▸ ACTION ITEM:
The answer consists solely of the listing's lines from the first through the line containing "Белый Ивеко Дейли, объемом", each reproduced exactly.

▸ THE DATA:
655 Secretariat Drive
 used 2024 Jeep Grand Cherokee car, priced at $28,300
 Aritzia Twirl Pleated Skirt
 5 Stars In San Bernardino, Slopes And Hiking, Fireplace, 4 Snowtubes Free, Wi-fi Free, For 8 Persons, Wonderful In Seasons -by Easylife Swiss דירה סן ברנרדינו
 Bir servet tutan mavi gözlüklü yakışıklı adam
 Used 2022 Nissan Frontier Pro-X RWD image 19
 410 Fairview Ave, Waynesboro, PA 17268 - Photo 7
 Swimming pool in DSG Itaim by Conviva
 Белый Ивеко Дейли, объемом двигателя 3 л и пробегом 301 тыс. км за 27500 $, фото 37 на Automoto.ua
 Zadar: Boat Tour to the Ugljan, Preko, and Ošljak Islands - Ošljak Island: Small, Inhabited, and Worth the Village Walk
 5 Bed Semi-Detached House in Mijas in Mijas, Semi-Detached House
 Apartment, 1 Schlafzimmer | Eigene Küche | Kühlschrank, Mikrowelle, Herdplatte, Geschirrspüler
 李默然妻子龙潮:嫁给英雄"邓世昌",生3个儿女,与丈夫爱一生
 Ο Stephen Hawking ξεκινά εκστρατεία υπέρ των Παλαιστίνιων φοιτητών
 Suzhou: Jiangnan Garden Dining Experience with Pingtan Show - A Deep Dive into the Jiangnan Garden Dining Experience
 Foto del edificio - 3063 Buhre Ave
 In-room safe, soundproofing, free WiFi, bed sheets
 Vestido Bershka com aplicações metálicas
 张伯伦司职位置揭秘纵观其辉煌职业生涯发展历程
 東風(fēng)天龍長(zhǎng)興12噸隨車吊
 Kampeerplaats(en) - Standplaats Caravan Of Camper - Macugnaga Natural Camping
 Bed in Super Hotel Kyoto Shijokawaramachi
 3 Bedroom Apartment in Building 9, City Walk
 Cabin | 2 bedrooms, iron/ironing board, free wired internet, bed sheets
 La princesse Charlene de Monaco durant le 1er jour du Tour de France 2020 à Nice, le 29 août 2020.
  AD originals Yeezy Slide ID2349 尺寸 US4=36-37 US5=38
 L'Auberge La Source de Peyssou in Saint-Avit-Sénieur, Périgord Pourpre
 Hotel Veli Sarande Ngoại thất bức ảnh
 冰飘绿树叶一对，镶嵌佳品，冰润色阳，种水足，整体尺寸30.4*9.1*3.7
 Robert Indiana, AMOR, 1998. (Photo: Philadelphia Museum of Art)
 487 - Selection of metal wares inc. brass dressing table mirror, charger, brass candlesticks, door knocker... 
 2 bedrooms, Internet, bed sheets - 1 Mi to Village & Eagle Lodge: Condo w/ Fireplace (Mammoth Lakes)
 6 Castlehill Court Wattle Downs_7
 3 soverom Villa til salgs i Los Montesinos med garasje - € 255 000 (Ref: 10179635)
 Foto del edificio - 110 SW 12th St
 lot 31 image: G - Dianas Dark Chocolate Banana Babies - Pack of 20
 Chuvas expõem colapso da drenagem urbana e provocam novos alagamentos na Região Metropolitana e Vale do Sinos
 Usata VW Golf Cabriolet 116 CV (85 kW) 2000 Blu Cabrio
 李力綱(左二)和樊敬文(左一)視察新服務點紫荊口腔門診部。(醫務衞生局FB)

▸ EXERCISE ANSWER:
655 Secretariat Drive
 used 2024 Jeep Grand Cherokee car, priced at $28,300
 Aritzia Twirl Pleated Skirt
 5 Stars In San Bernardino, Slopes And Hiking, Fireplace, 4 Snowtubes Free, Wi-fi Free, For 8 Persons, Wonderful In Seasons -by Easylife Swiss דירה סן ברנרדינו
 Bir servet tutan mavi gözlüklü yakışıklı adam
 Used 2022 Nissan Frontier Pro-X RWD image 19
 410 Fairview Ave, Waynesboro, PA 17268 - Photo 7
 Swimming pool in DSG Itaim by Conviva
 Белый Ивеко Дейли, объемом двигателя 3 л и пробегом 301 тыс. км за 27500 $, фото 37 на Automoto.ua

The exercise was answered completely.